**REQUIREMENT**: The output should hold exactly, and only, the lines from the line bearing "אלפונסו דייויס והפוסט של חאביב (אינסטגרם)" through the last line of the listing below, and no pictures.

**SOURCE DATA**:
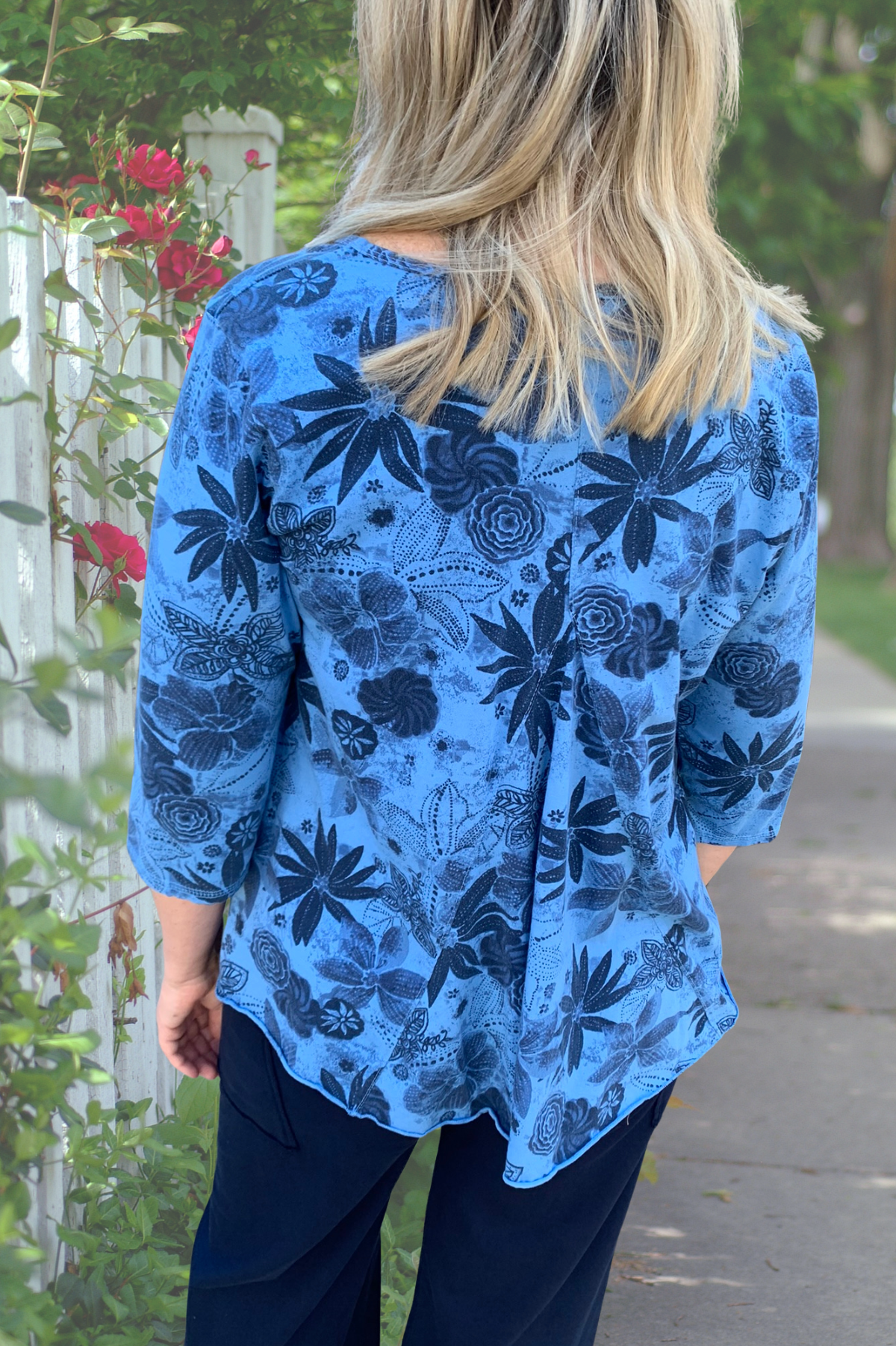 Prairie Cotton V-Neck Godet Back Tunic-Indigo Floral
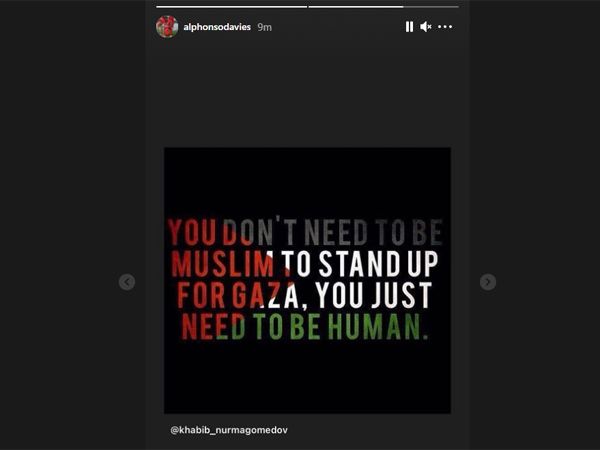 אלפונסו דייויס והפוסט של חאביב (אינסטגרם)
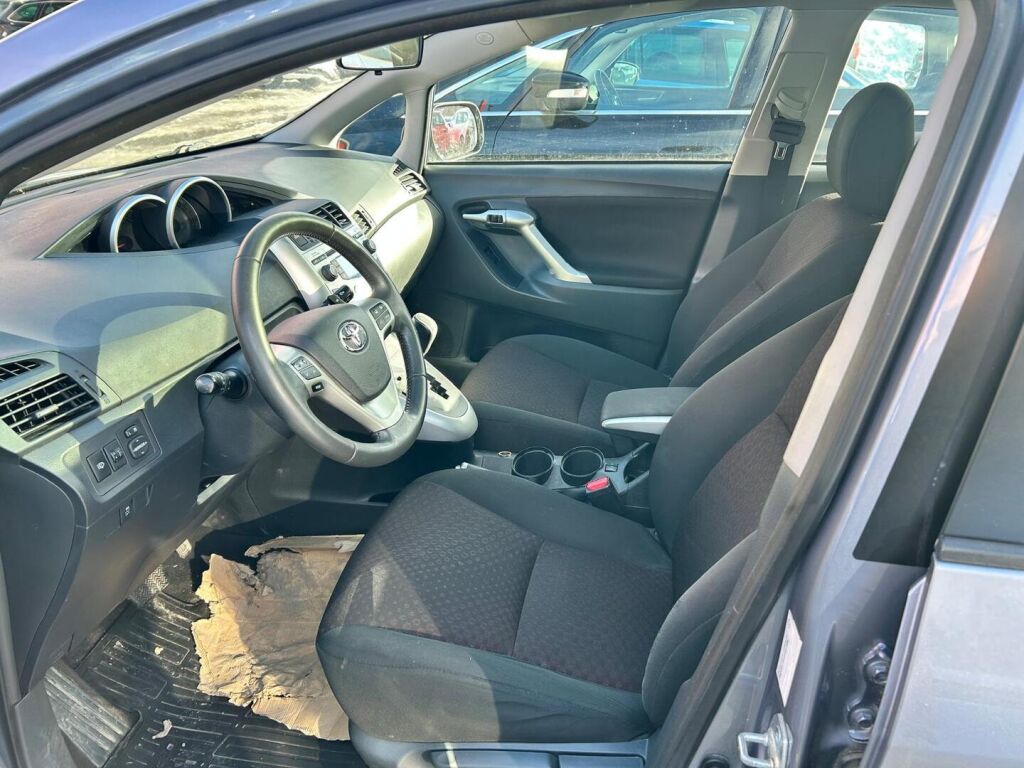 Toyota Verso 2011 Sininen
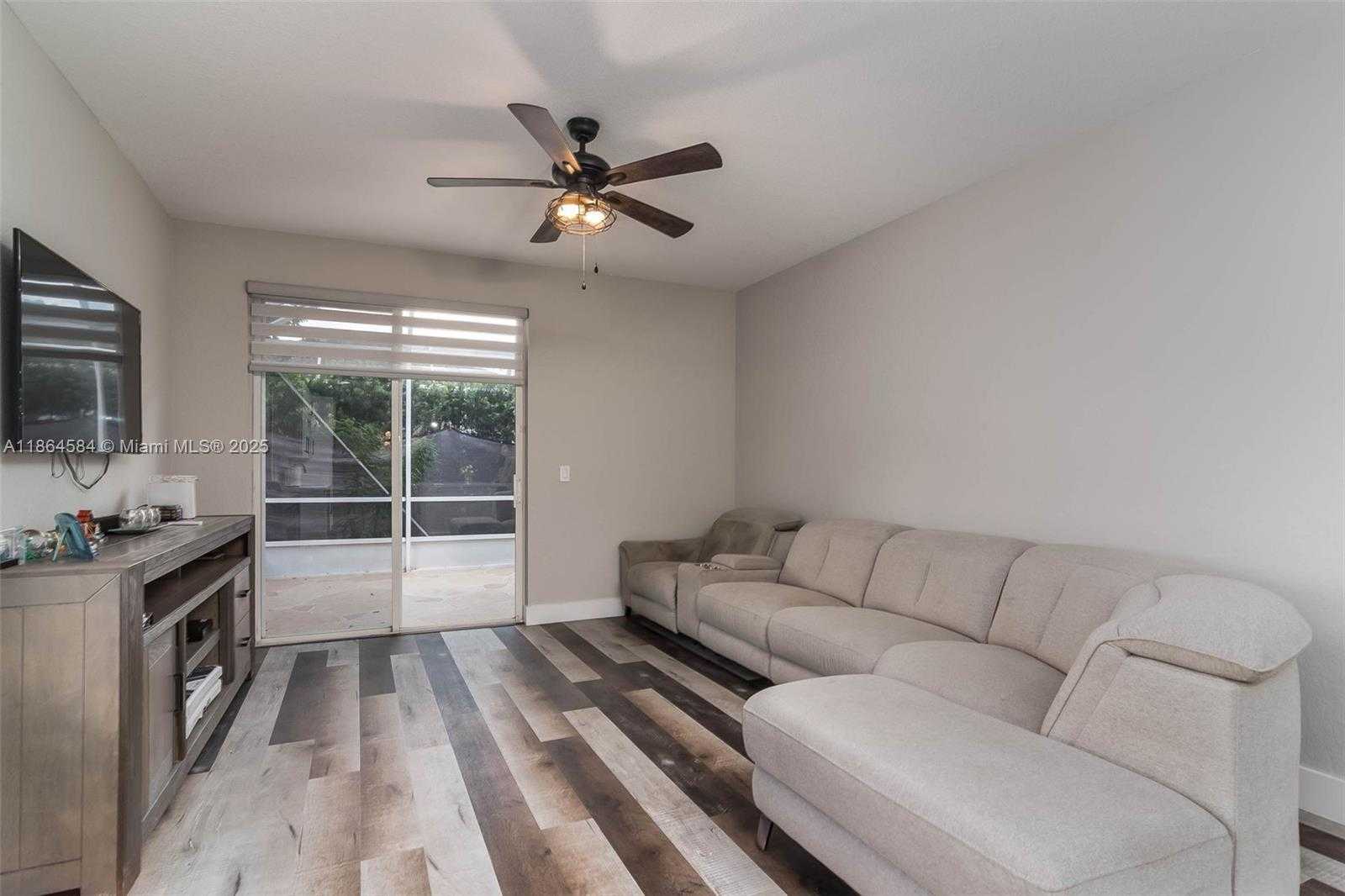 Small Image of 4907 PELICAN MNR, Coconut Creek Number 6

**ANSWER BOX**:
 אלפונסו דייויס והפוסט של חאביב (אינסטגרם)
 Toyota Verso 2011 Sininen
 Small Image of 4907 PELICAN MNR, Coconut Creek Number 6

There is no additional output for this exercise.